Hand washing facilities, including showers if required by the nature of the work or for health reasons, need to be provided at readily accessible places. Hand washing facilities need to be provided in the immediate vicinity of every sanitary convenience and must include a supply of clean hot and cold, or warm, water, soap or other suitable means of cleaning,  towels or other suitable means of drying. They need to be kept clean.

3. Lighting 

Every workplace needs to have suitable and sufficient lighting. Lighting should be sufficient to enable people to work, use facilities without experiencing eye-strain, and safely move from place to place.

4. Cleanliness

All workplaces and the furniture, furnishings and fittings therein need to be kept sufficiently clean. Waste materials should not be allowed to accumulate in a workplace except in suitable receptacles.

5. Floor and traffic routes

Floors, or surfaces of traffic routes, should not have any hole or slope or be uneven as to present a trip hazard.  They should be kept free from obstructions and from any article or substance which may cause a person to slip, trip or fall. Traffic routes should be organised in such a way that pedestrians and vehicles can circulate in a safe manner.

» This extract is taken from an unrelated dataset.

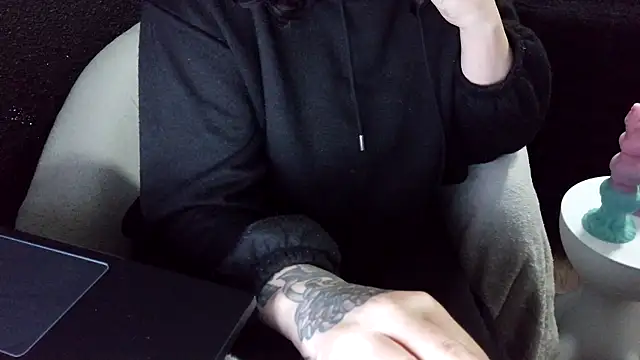 Snapshot of fetishslut4u chatting on October 17, 1:25 pm fetishslut4u online show from October 17, 1:25 pm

6. Facilities for rest breaks 

You should provide employees with an adequate number of tables and seats in a restroom to use during their breaks. There should be a means for employees to heat and eat food or drink in a clean, contamination free environment. A supply of clean drinking water is also required.

7 . Changing facilities

If the line of work employees are in requires them to change into and wear specialist clothing – like a uniform or personal protective equipment (otherwise known as PPE), for example – then you need to provide them with suitable changing facilities. You must also ensure you have separate facilities for men and women.

Your changing facilities should: be easily accessible; provide a means to sit down; contain or be next to clothing storage and washing facilities; ensure privacy is provided; and enable employees to hang their clothing somewhere – something as simple as a hook or peg would do.

8. Facilities for pregnant employees

If you’ve any employees who are pregnant, as far as is reasonably practicable, you should provide them with rest facilities. The rest facilities should provide the expectant mother with a place to lie down.

As far as reasonably practicable?

As an employer, you need to meet all the above requirements as far as is ‘reasonably practicable’. When we say ‘reasonably practicable’, we mean unless it’s demonstrably awkward due to things like time, trouble, cost and physical difficulty. When establishing if something is reasonably practicable, you should sensibly use your judgement in terms of how much you would truly have to go out of your way.